From f598a6df9c849f5e0050c5603a976b0f7c7c83d3 Mon Sep 17 00:00:00 2001
From: Zheng Qixing <zhengqixing@huawei.com>
Date: Tue, 13 Jan 2026 14:10:33 +0800
Subject: [PATCH 1/3] blk-cgroup: fix race between policy activation and blkg
 destruction

When switching an IO scheduler on a block device, blkcg_activate_policy()
allocates blkg_policy_data (pd) for all blkgs attached to the queue.
However, blkcg_activate_policy() may race with concurrent blkcg deletion,
leading to use-after-free and memory leak issues.

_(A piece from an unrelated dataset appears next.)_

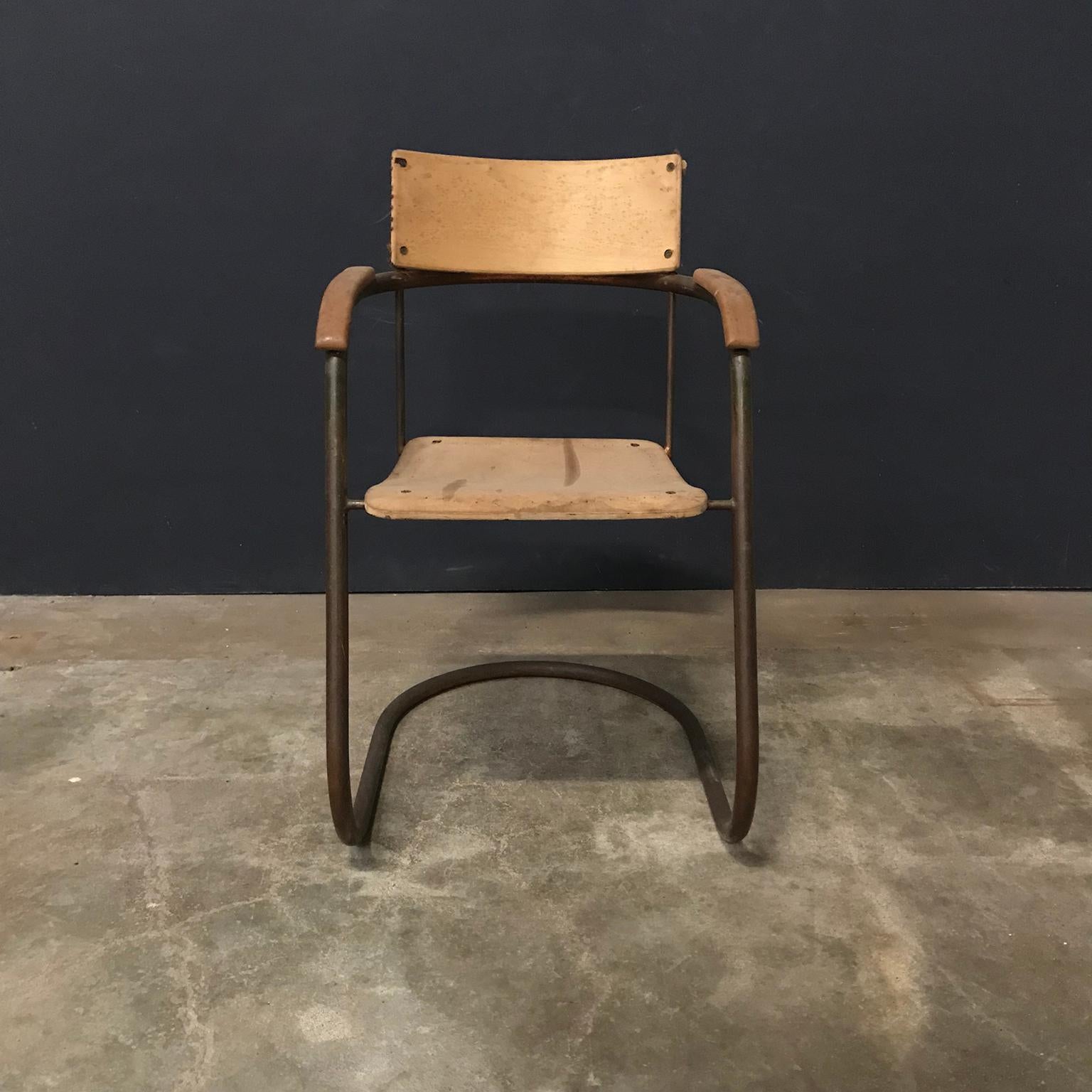 Mid-20th Century Paul Schuitema Tube Chair, Original in Copper and Upholstered Wood, circa 1930 For Sale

The use-after-free occurs in the following race:

T1 (blkcg_activate_policy):
  - Successfully allocates pd for blkg1 (loop0->queue, blkcgA)
  - Fails to allocate pd for blkg2 (loop0->queue, blkcgB)
  - Enters the enomem rollback path to release blkg1 resources

T2 (blkcg deletion):
  - blkcgA is deleted concurrently
  - blkg1 is freed via blkg_free_workfn()
  - blkg1->pd is freed

T1 (continued):
  - Rollback path accesses blkg1->pd->online after pd is freed
  - Triggers use-after-free

In addition, blkg_free_workfn() frees pd before removing the blkg from
q->blkg_list. This allows blkcg_activate_policy() to allocate a new pd
for a blkg that is being destroyed, leaving the newly allocated pd
unreachable when the blkg is finally freed.

Fix these races by extending blkcg_mutex coverage to serialize
blkcg_activate_policy() rollback and blkg destruction, ensuring pd
lifecycle is synchronized with blkg list visibility.

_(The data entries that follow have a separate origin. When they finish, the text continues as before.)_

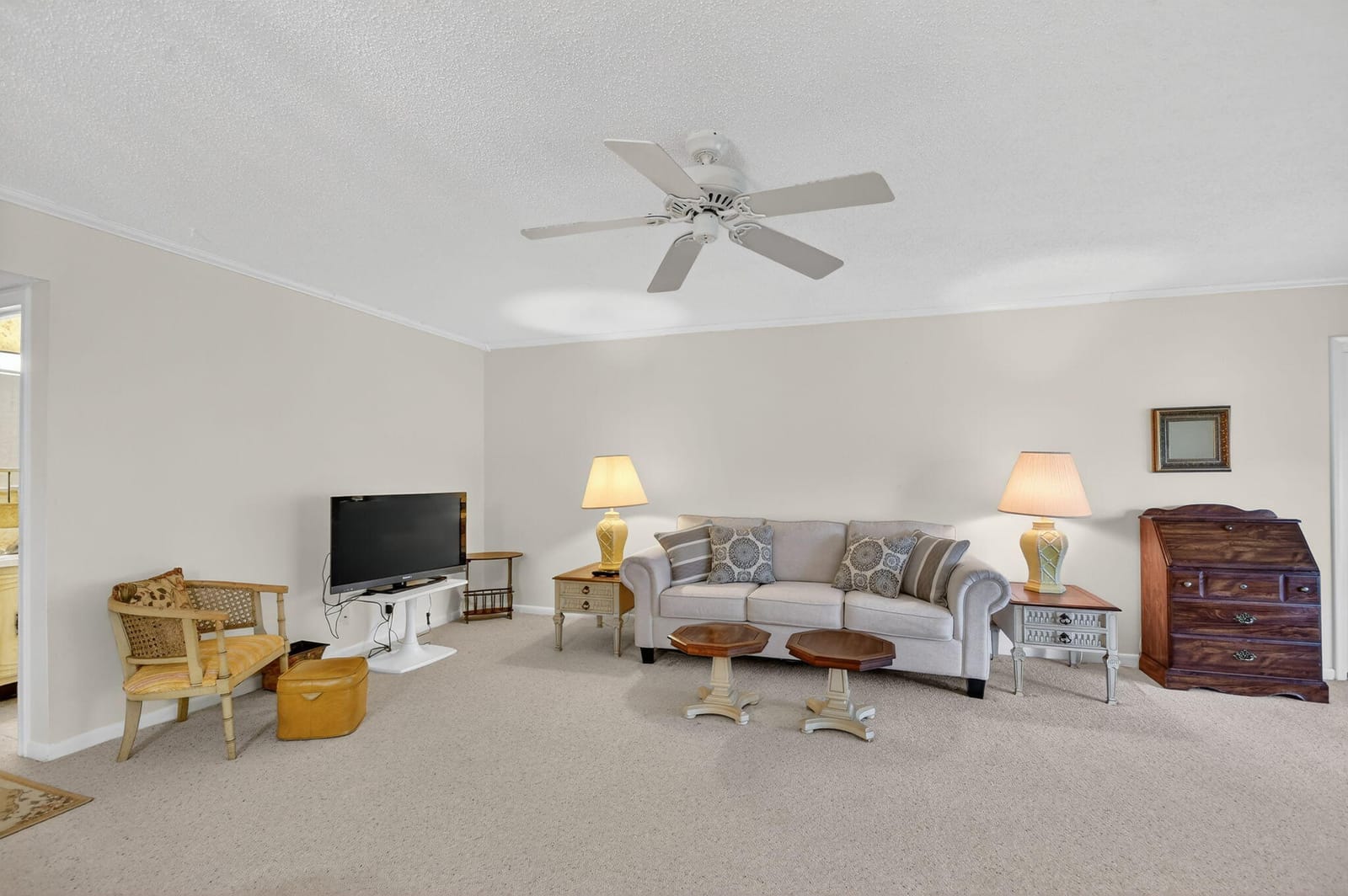 615 High Point Drive C — photo 9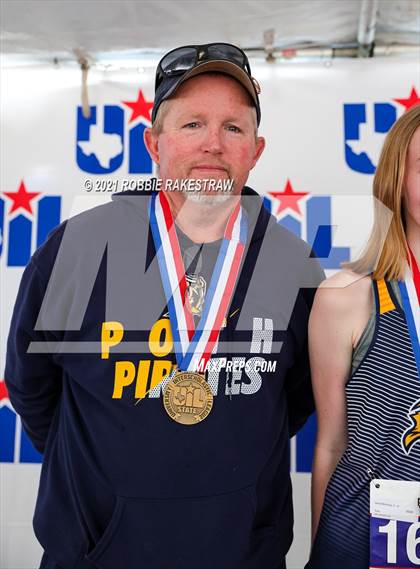 Thumbnail 3 in UIL Cross Country 3A Finals (3200) photogallery.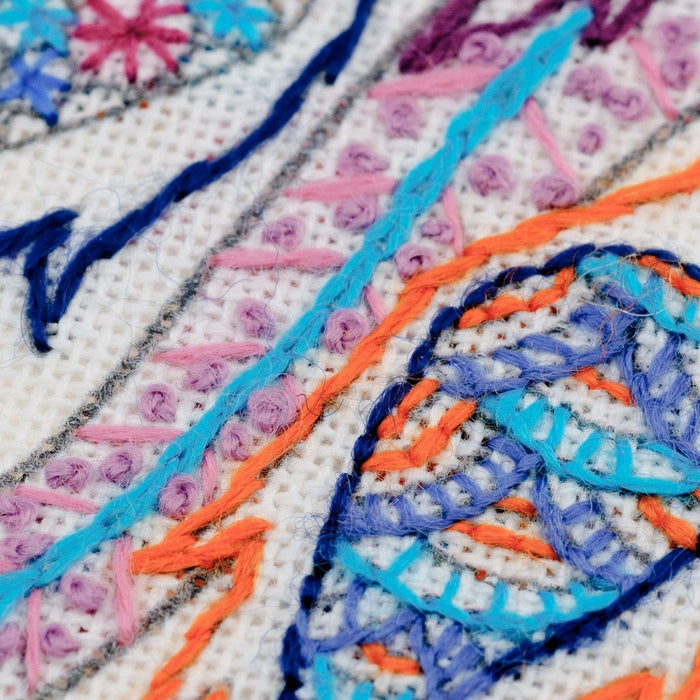 רקמה על בד גבינה - ציפור המזל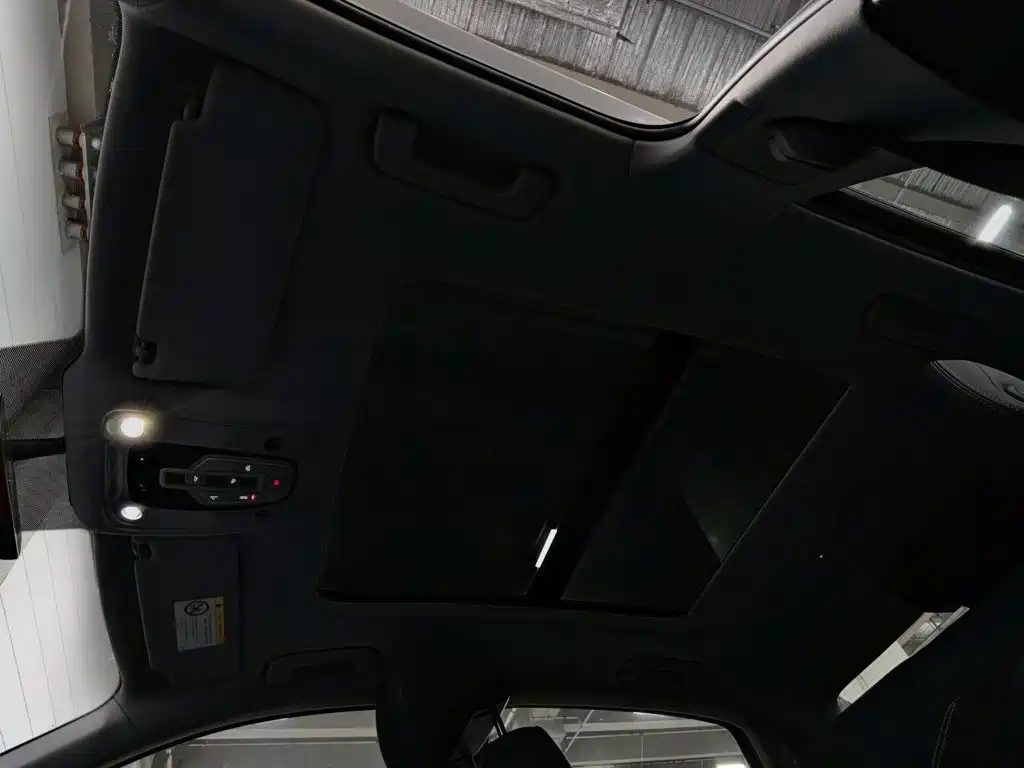 Фото 14 - Audi A4L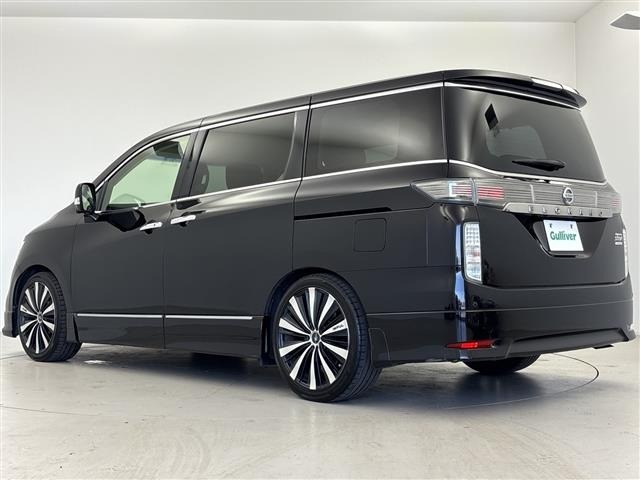 Nissan ELGRAND 2015 7044822-21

Link: https://lore.kernel.org/all/20260108014416.3656493-3-zhengqixing@huaweicloud.com/
Fixes: f1c006f1c685 ("blk-cgroup: synchronize pd_free_fn() from blkg_free_workfn() and blkcg_deactivate_policy()")
Signed-off-by: Zheng Qixing <zhengqixing@huawei.com>
---
 block/blk-cgroup.c | 3 +++
 1 file changed, 3 insertions(+)

diff --git a/block/blk-cgroup.c b/block/blk-cgroup.c
index 3cffb68ba5d87..600f8c5843eaf 100644
--- a/block/blk-cgroup.c
+++ b/block/blk-cgroup.c
@@ -1596,6 +1596,8 @@ int blkcg_activate_policy(struct gendisk *disk, const struct blkcg_policy *pol)
 
 	if (queue_is_mq(q))
 		memflags = blk_mq_freeze_queue(q);
+
+	mutex_lock(&q->blkcg_mutex);
 retry:
 	spin_lock_irq(&q->queue_lock);
 
@@ -1658,6 +1660,7 @@ int blkcg_activate_policy(struct gendisk *disk, const struct blkcg_policy *pol)
 
 	spin_unlock_irq(&q->queue_lock);
 out:
+	mutex_unlock(&q->blkcg_mutex);
 	if (queue_is_mq(q))
 		blk_mq_unfreeze_queue(q, memflags);
 	if (pinned_blkg)

From 88d08fe00392e808f2335e88d094fbd6f97c4e0f Mon Sep 17 00:00:00 2001
From: Zheng Qixing <zhengqixing@huawei.com>
Date: Tue, 13 Jan 2026 14:10:34 +0800
Subject: [PATCH 2/3] blk-cgroup: skip dying blkg in blkcg_activate_policy()
MIME-Version: 1.0
Content-Type: text/plain; charset=UTF-8
Content-Transfer-Encoding: 8bit

When switching IO schedulers on a block device, blkcg_activate_policy()
can race with concurrent blkcg deletion, leading to a use-after-free in
rcu_accelerate_cbs.

T1:                               T2:
		                  blkg_destroy
                 		  kill(&blkg->refcnt) // blkg->refcnt=1->0
				  blkg_release // call_rcu(__blkg_release)
                                  ...
				  blkg_free_workfn
                                  ->pd_free_fn(pd)
elv_iosched_store
elevator_switch
...
iterate blkg list
blkg_get(blkg) // blkg->refcnt=0->1
                                  list_del_init(&blkg->q_node)
blkg_put(pinned_blkg) // blkg->refcnt=1->0
blkg_release // call_rcu again
rcu_accelerate_cbs // uaf

Fix this by replacing blkg_get() with blkg_tryget(), which fails if
the blkg's refcount has already reached zero. If blkg_tryget() fails,
skip processing this blkg since it's already being destroyed.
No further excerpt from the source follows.